I don't doubt there are a lot of valuable inventions we've come up with in the last two centuries. But I also think there might be smarter ways to implement some of these new techniques. I think it's important to think not just about the bottom line, but also about the horizon line.

I'd like to see Congress and President Obama sign a new Declaration of Independence — against oil.

We don't have to become oil-free in the time it takes for a John Hancock to dry, but we should at least have a plan, with tough, realistic steps. The stone will be hard to push back uphill, but we'll be able to do it, if we don't mind sweating and working together for a few years.

The Gulf oil spill doesn't have to foretell our fate. But if we don't act, it probably will.

One of my Ashland friends, who is working on his PhD in psychology, is always quoting Carl Jung when we talk about destiny.

"When an inner situation is not made conscious, it appears outside as fate," Jung said.

If we don't realize how badly we're hooked on oil, how can we detox? When we think we're manipulating fossil fuels, instead of seeing how they're manipulating us, disasters like the BP spill are bound to happen.
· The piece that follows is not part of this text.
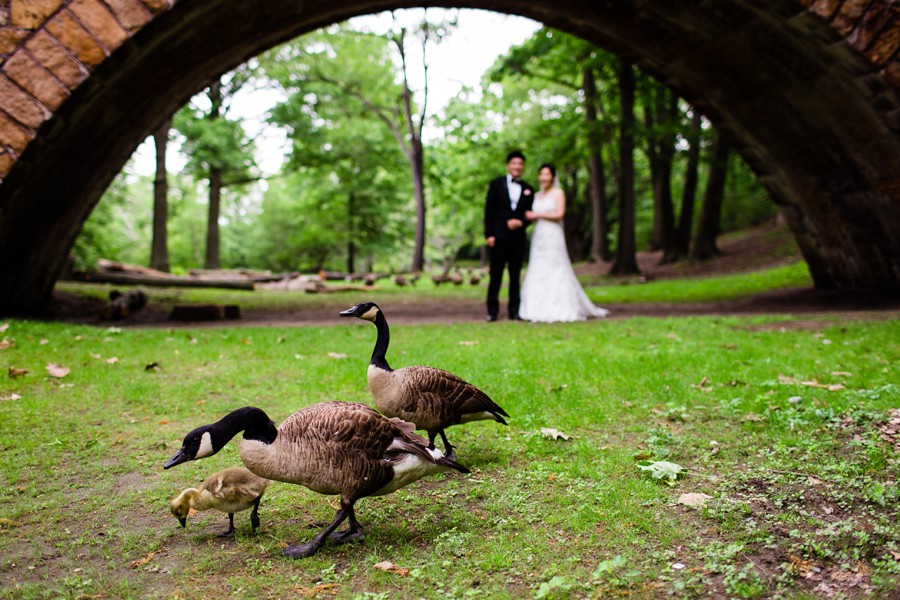 Alden castle wedding brookline riverway goose.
If we keep demanding oil, companies will keep drilling for it.

The Sightline Institute, a Seattle nonprofit that researches sustainability in the Northwest, released a disheartening study Wednesday. Total gasoline consumption in the Northwest increased by 2 percent, or 100 million gallons, in 2009 — reversing a decade-long trend of decline, according to the study.
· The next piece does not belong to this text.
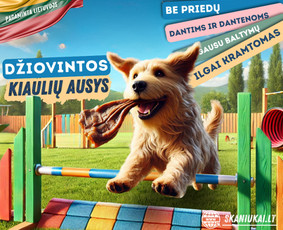Soc. tinklų administravimas - Facebook, Instagram, Linkedin / Pagalvosiu.lt / Darbų pavyzdys ID 3651875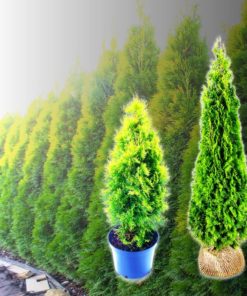 Lebensbaum Thuja-Hecke Smaragd (Thuja occ. Smaragd) kaufen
Gas consumption in Oregon rose by 1.6 percent, the study says. Per capita gas usage increased, too, if only by about .3 percent, or a gallon a person.

The reason? Sightline thinks it's because of lower prices at the pump.

"Low prices at the pump were apparently enough to get people back in their cars and driving again," said Eric Hess, Sightline's communications associate.

And although the Gulf is far from the Northwest, we play a role in the oil drilling operations there. In 2009, we used 387 gallons of gas per person per year in Oregon.

"In the Northwest, we produce very little petroleum," Hess said. "Our role in the oil spill is that we consume oil and we don't produce anything here, and the Gulf is probably one source where we get some of our oil."

As much as we like to vilify BP executives, and as much as they deserve the demon-treatment, all of us who rely on oil are also to blame for the spill and the continued drilling.

And if Congress isn't moving on this, who says we can't? Maybe we can't call the shots in the Gulf, but we can call them at the gas pump. Maybe we can't decide where drilling starts, but we can decide we don't need as much oil.

Why shouldn't Ashland lead the Northwest in reducing its gas consumption?

Why not make this Fourth of July your Independence Day from oil? That's what I plan to do.

So, in advance: Happy Oil Independence Day. Hopefully next year, we'll have moved the stone off a few more plants.